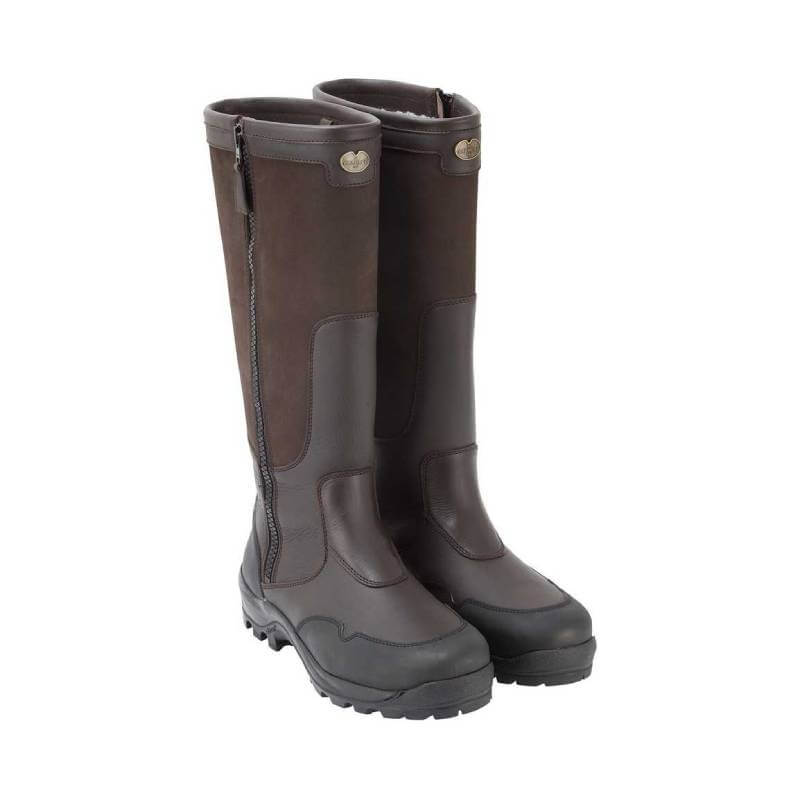 Le Chameau Turenne Fourrée men's tall boots, sturdy soles, leather detail, Marron Foncé.
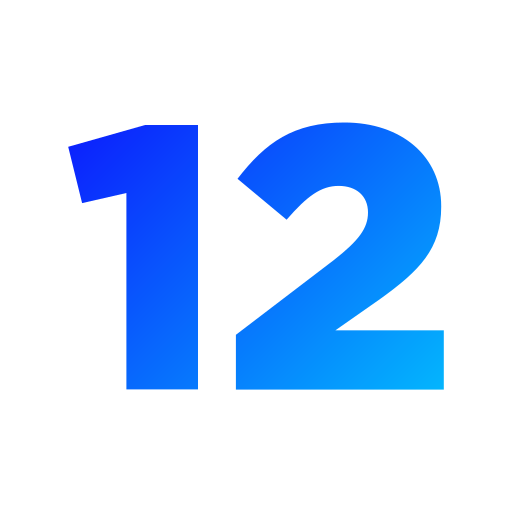 numer 12 Generic gradient fill ikona
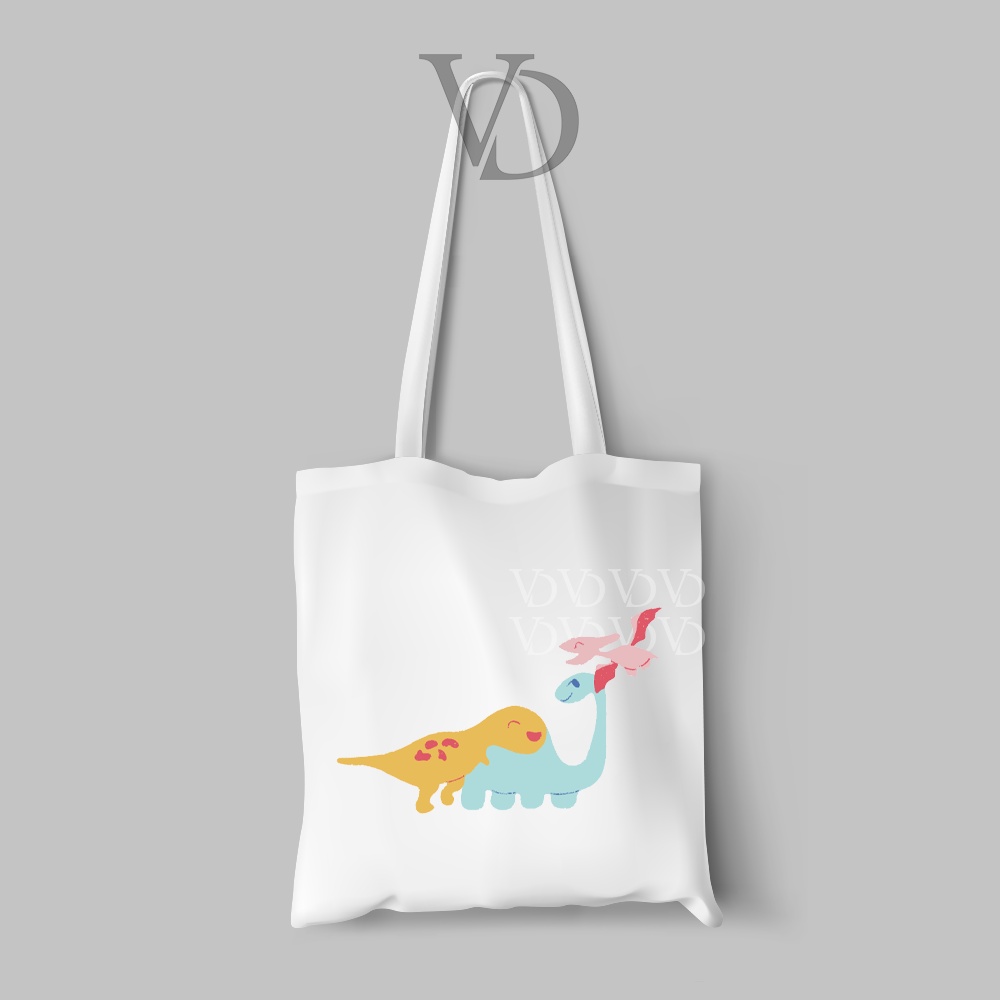 tote bag kanvas motif dinosaurus baby dino cute edisi 2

▶ _Activity_
Return each line of the material exactly as written; exclude the pictures.

▶ _Your response_
 Le Chameau Turenne Fourrée men's tall boots, sturdy soles, leather detail, Marron Foncé.
 numer 12 Generic gradient fill ikona
 tote bag kanvas motif dinosaurus baby dino cute edisi 2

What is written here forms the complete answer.